Firstly, this assumes that Germany is some sort of single entity, or that Germans and their spending are directly controllable by the German government. Otherwise how is this increased spending supposed to be achieved? German culture views fiscal prudence as a virtue. That is hardly likely to change overnight, and frankly the rest of Europe should be thankful of their parsimonious nature rather than complain about it - without Germany the Eurozone would be well and truly up the creek with no paddles in sight. As it is Germany's deep pockets is the only thing keeping the whole thing afloat at present.

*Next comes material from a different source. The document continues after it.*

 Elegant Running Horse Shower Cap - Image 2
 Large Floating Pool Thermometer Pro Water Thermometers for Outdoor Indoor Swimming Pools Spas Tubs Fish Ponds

rather than having a go at Germany, the rest of Europe would do well to copy them. The current crisis is a direct result of growing debt allowing both governments and individuals to spend today money they thought they would have tomorrow. It now turns out they don't have that money and they are struggling to service those debts. Like any household, the solution to excess debt is belt-tightening. It's unfortunate that everyone has to do it at the same time, but that's what happens when tomorrow's consumption is brought forward to today by the use of debt. If the debt keeps growing then you start into the day after tomorrow's consumption, and the day after that..... that can only end in tears because eventually tomorrow arrives and you've consumed everything already.
There are two parts to the solution to this crisis - firstly exactly what's happening - massive internal devaluations by countries such as Greece brought about by high unemployment driving down wage costs until those virtuous and solvent Germans start moving their manufacturing there, and a large external currency devaluation to help the whole Eurozone.
This is the biggest mystery to me in the whole thing - how the Euro is anywhere close to 1.30 against the dollar. I don't even understand how it's above parity, let alone at current levels. At some point reality will hit home and the currency will fall - I can only assume the FX market is waiting for more signs of growth in the US and the end of QE there before hitting the sell button, but it has to happen.
In the meantime, this is going to be a long slow slog, but economic pain is the only solution I'm afraid. There is no quick fix.